> _Recorded information_:
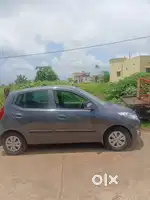Hyundai i10 car in very good condition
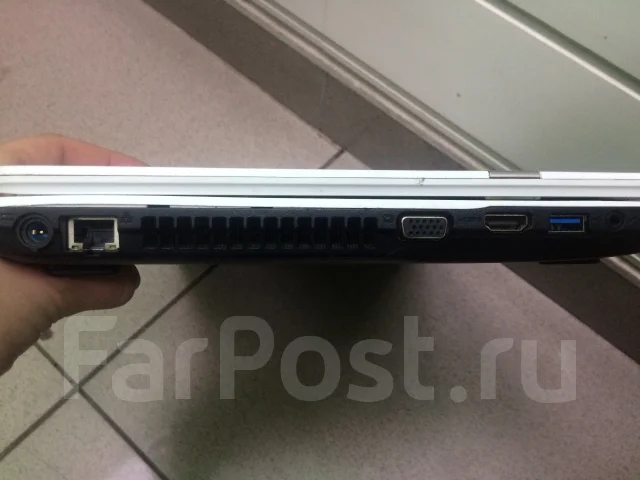 Packard Bell. 15.6", 2,4����, ��� 2048 ��, ���� 320���, WiFi: 1, Bluetooth: 1, ����������� �� 2��. ����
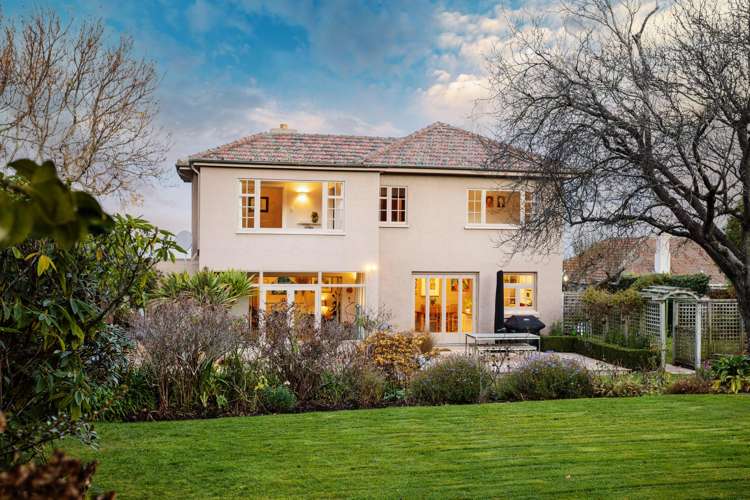 8 Neidpath Road Mornington_47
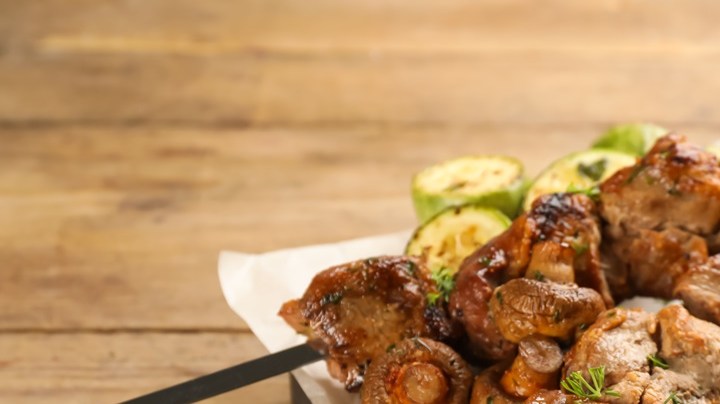 Brochetas de solomillo y champiñones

> _Exercise objective_: From the line containing "Bluetooth: 1, ����������� �� 2��. ����" to the end of the data above, give those lines again verbatim, with both endpoints included and no images.

> _Written response_:
 Packard Bell. 15.6", 2,4����, ��� 2048 ��, ���� 320���, WiFi: 1, Bluetooth: 1, ����������� �� 2��. ����
 8 Neidpath Road Mornington_47
 Brochetas de solomillo y champiñones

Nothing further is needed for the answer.